* Task data

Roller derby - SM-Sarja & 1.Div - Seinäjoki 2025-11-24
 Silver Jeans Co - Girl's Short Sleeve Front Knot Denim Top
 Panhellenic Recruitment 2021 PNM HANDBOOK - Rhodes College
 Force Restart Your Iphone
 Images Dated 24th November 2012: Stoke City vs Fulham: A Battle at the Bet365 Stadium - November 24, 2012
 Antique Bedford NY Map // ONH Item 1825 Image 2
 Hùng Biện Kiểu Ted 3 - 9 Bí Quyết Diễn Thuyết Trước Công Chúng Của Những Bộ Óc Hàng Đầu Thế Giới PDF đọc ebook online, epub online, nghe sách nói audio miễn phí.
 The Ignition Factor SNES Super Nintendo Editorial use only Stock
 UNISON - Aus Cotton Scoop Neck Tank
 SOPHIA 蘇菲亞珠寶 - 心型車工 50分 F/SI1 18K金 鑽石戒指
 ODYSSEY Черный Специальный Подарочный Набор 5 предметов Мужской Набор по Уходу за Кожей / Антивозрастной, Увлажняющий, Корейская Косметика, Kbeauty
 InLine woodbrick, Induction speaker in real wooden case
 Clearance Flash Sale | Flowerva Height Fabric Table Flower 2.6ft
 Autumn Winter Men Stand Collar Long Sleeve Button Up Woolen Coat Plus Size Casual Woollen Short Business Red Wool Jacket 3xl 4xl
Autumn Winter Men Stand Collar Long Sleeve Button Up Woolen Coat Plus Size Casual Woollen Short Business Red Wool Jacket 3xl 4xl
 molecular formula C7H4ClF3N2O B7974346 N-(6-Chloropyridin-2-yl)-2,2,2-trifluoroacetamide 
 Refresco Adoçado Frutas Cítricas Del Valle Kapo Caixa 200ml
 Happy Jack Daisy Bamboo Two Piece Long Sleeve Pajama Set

* Aim of the exercise
Every entry that appears above should be duplicated exactly.

* Completed exercise
Roller derby - SM-Sarja & 1.Div - Seinäjoki 2025-11-24
 Silver Jeans Co - Girl's Short Sleeve Front Knot Denim Top
 Panhellenic Recruitment 2021 PNM HANDBOOK - Rhodes College
 Force Restart Your Iphone
 Images Dated 24th November 2012: Stoke City vs Fulham: A Battle at the Bet365 Stadium - November 24, 2012
 Antique Bedford NY Map // ONH Item 1825 Image 2
 Hùng Biện Kiểu Ted 3 - 9 Bí Quyết Diễn Thuyết Trước Công Chúng Của Những Bộ Óc Hàng Đầu Thế Giới PDF đọc ebook online, epub online, nghe sách nói audio miễn phí.
 The Ignition Factor SNES Super Nintendo Editorial use only Stock
 UNISON - Aus Cotton Scoop Neck Tank
 SOPHIA 蘇菲亞珠寶 - 心型車工 50分 F/SI1 18K金 鑽石戒指
 ODYSSEY Черный Специальный Подарочный Набор 5 предметов Мужской Набор по Уходу за Кожей / Антивозрастной, Увлажняющий, Корейская Косметика, Kbeauty
 InLine woodbrick, Induction speaker in real wooden case
 Clearance Flash Sale | Flowerva Height Fabric Table Flower 2.6ft
 Autumn Winter Men Stand Collar Long Sleeve Button Up Woolen Coat Plus Size Casual Woollen Short Business Red Wool Jacket 3xl 4xl
Autumn Winter Men Stand Collar Long Sleeve Button Up Woolen Coat Plus Size Casual Woollen Short Business Red Wool Jacket 3xl 4xl
 molecular formula C7H4ClF3N2O B7974346 N-(6-Chloropyridin-2-yl)-2,2,2-trifluoroacetamide 
 Refresco Adoçado Frutas Cítricas Del Valle Kapo Caixa 200ml
 Happy Jack Daisy Bamboo Two Piece Long Sleeve Pajama Set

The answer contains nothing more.